I asked a new joiner within the team to tell me about her weekend plans and then got ready to answer the dreaded question myself.
What do you do with your weekend?
So I can spend entire weekends within my flat. I am working on few pet projects that keep me busy. And I read. I mean I hope I read a lot.
But what is a really good answer to such questions? I somehow feel a need to rethink answer of this question every time when I don't have to. I think this is a big realization. I could simply say that I relaxed.
Anyway, I wanted to meet Sanjeev and Natasha and Fanny for a long time. Fanny, by the way, is a 3 months old Labrador. They live in Noida and it's about 2 hours journey if one wants to go there from Gurgaon. Anyway, every once in a while we would make plans of meeting and then drop it at the very last hour. I think there is some guilty pleasure in canceling plans.

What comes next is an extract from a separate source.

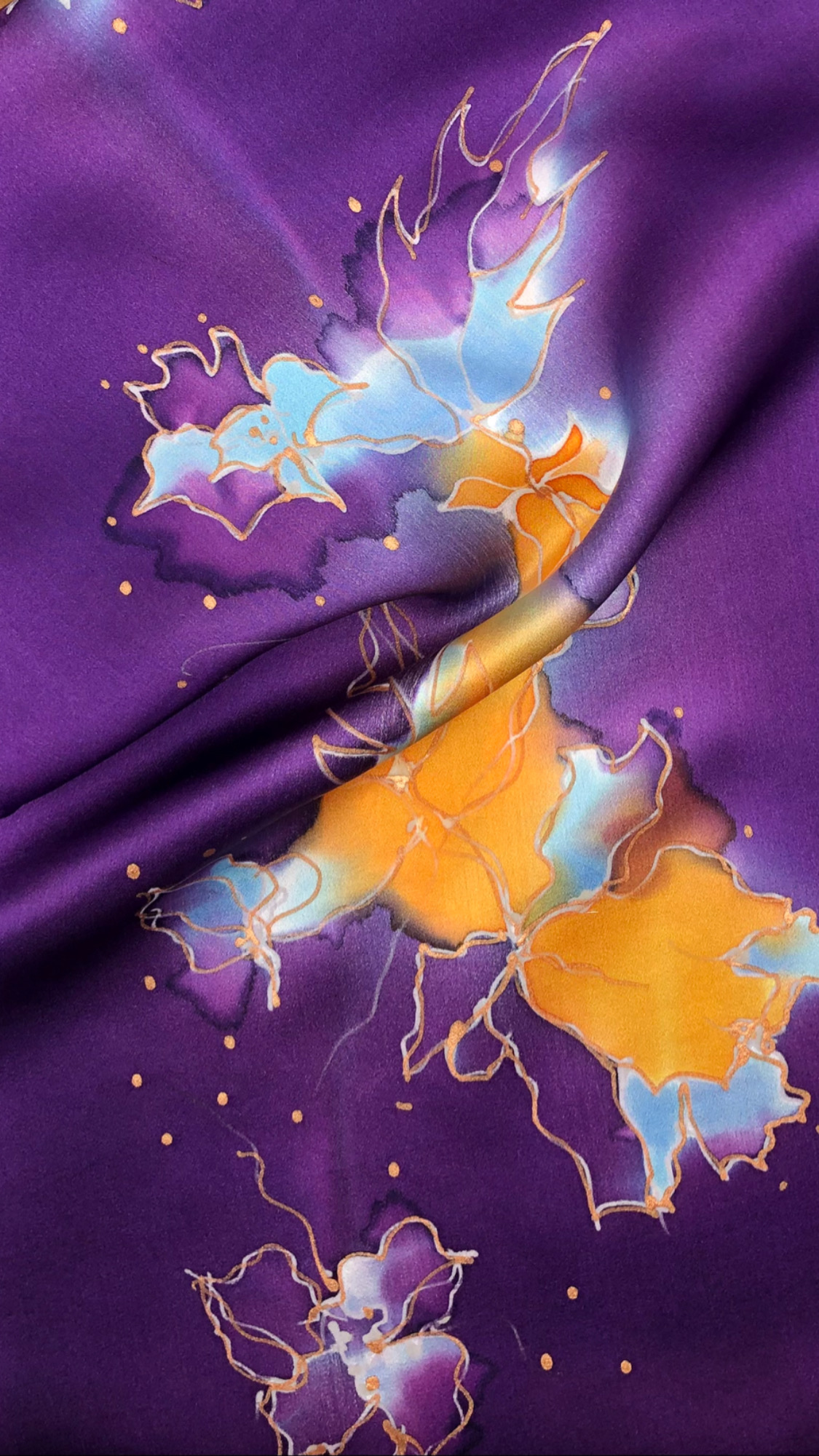 Abstract colorful design with purple, blue, orange, and gold elements on a purple background.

Anyway, this Saturday they did take trouble of coming and meeting me. They came with Fanny and I was happy to see them. I was not so crazy about Fanny though. She seemed harmless at the beginning but then she really scared me by trying to crunch my ribs.
We decided to buy beer and few other items and so went to local market. And boy, was I in for enlightenment! People stopped and asked permission to play with Fanny. I realized she is the celebrity and felt guilty for not being reverent enough to her during our interaction earlier.
And we didn't talk much about anything else. If you are in a relationship and you have run out of ideas for conversations, adopting a dog could be a winner choice.
But we did talk about other things, didn't we? How NCR sucked. How I'm old and have never had a girlfriend. Where do we go from here?
I think it is a tough time that I am going through. I have time and if I don't invest it somewhere judiciously, I will waste it, look back and repent. Or worse, I could develop a wrong (or true) perspective of world and really not care about anything.
My plan is to read and write. Create something that I can be proud of. Be aware. Not panic. Be happy.